2.1 Preprocess the video (15 points)#
You can use opencv, ffmpeg, gstreameer, https://pytorchvideo.org/ or any other library to implement the preprocessing steps as shown below:
2.2 Detecting objects (25 points)#
Use any of the pretrained object-detectors to detect objects belonging to MS COCO classes. For each video, for each frame where a detection is found, compile and report the results in the following tabular structure :
[vidId, frameNum, timestamp, detectedObjId, detectedObjClass, confidence, bbox info]
Feel free to finetune your detectors if required. If you notice that your model performs better on a different video from this channel, document this and you can use this video for the rest of this assignment.
2.3 Embedding model (30 points)#
Develop a convolutional autoencoder such as the one described here whose input will be all the objects detected in each frame (not the entire frame!), if any. Note : You can downsample the frame rate of your original video to avoid long training/processing times. For a given input image, the autoencoder should output it’s small vector embedding.
Train your autoencoder on the COCO dataset for classes which get detected in the given list of videos.
Extra credit (10 points)#
Extra credit: if you want to maximize the possibility of developing something new think about how a video can be better segmented into representative frames.

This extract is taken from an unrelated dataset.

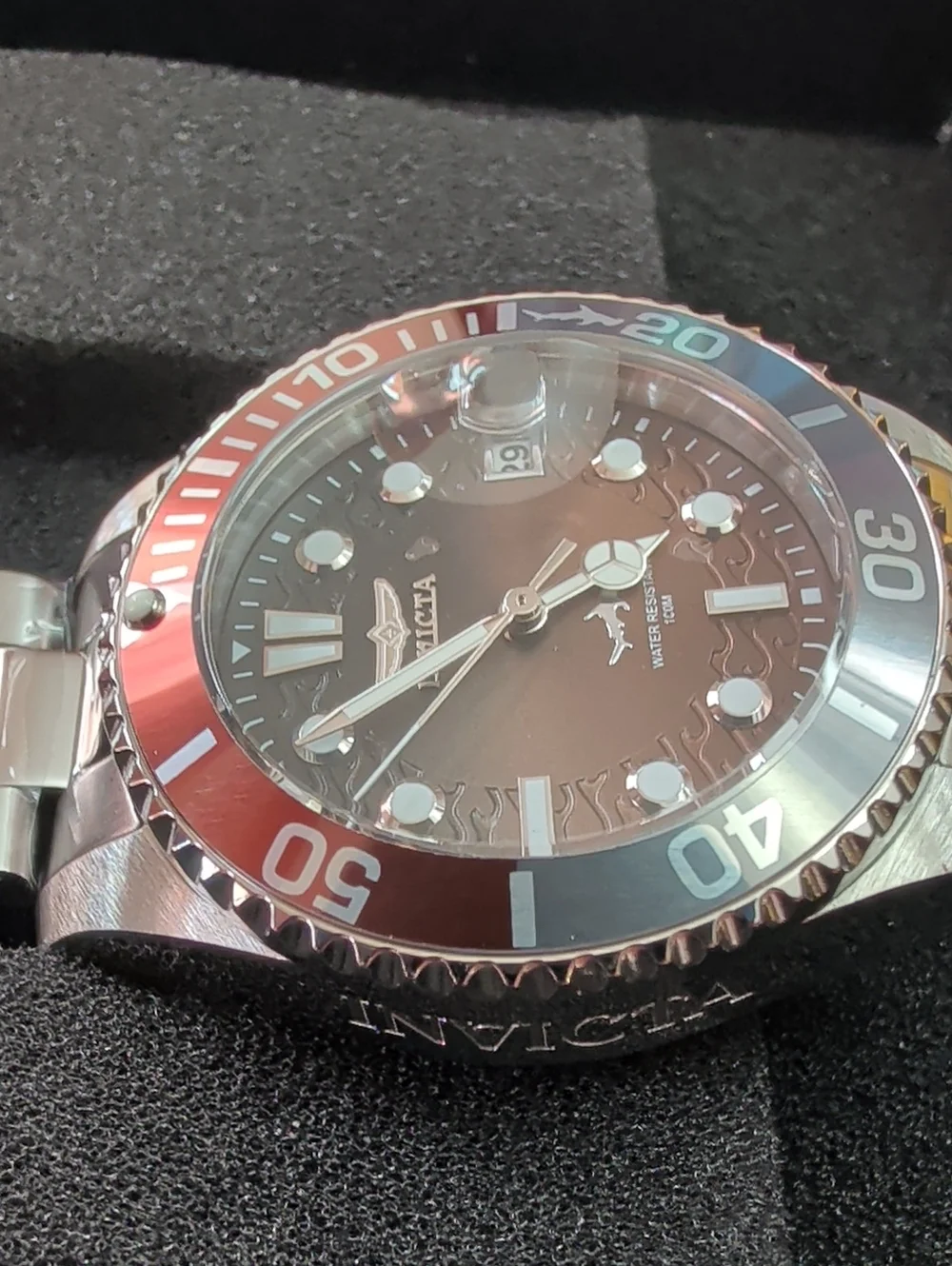 NWT Invicta Pro Diver 34mm Women’s Stainless Steel Watch – Brown Dial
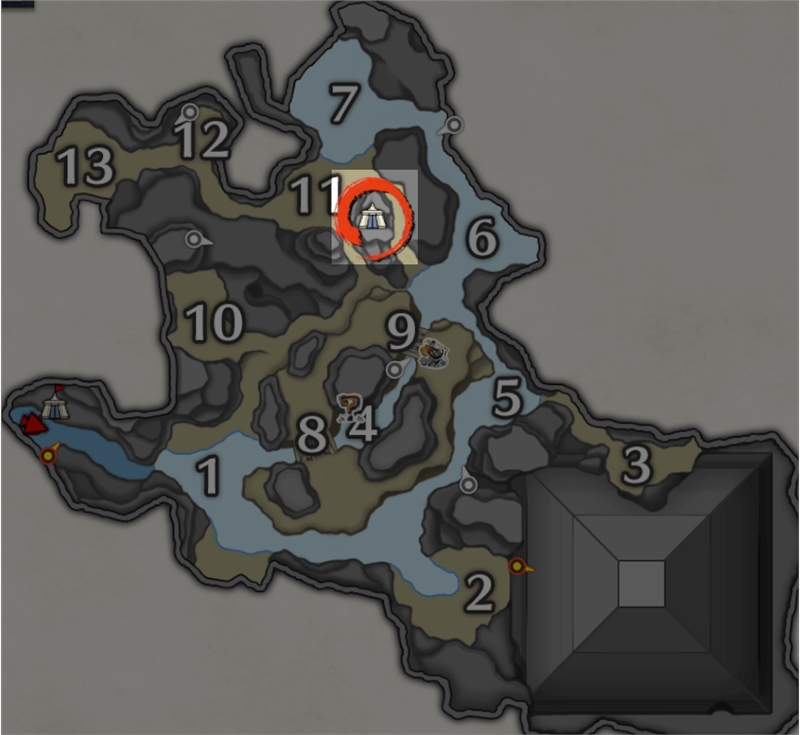 怪物猎人崛起全地图营地位置一览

For example, in this ~3min video accessed Nov 2023 you have multiple scenes each one lasting 30sec or so. Can you find a way to segment each video and store the frame embeddings of each segment? This way there are multiple embeddings per video and you need to keep them that way for the subsequesnt steps of this project.
Indexing the embeddings (20 points)#
Use docker compose
to bring up two docker containers, your application container with the dev environment (you must have done this in Step 1) and a second container with postgres.
docker pull postgres:latest
Process all the detected object sub-images for each frame of each video to compile your final results in the following tabular structure:
[vidId, frameNum, timestamp, detectedObjId, detectedObjClass, confidence, bbox info, vector
Index the video images embedding vectors in the database. To do that in postgres (with the pgvector extension) you can use this guide.
Demonstrate that you can search the database using image queries and post the screenshots of your search results that must include the first 10 similar images across the input videos.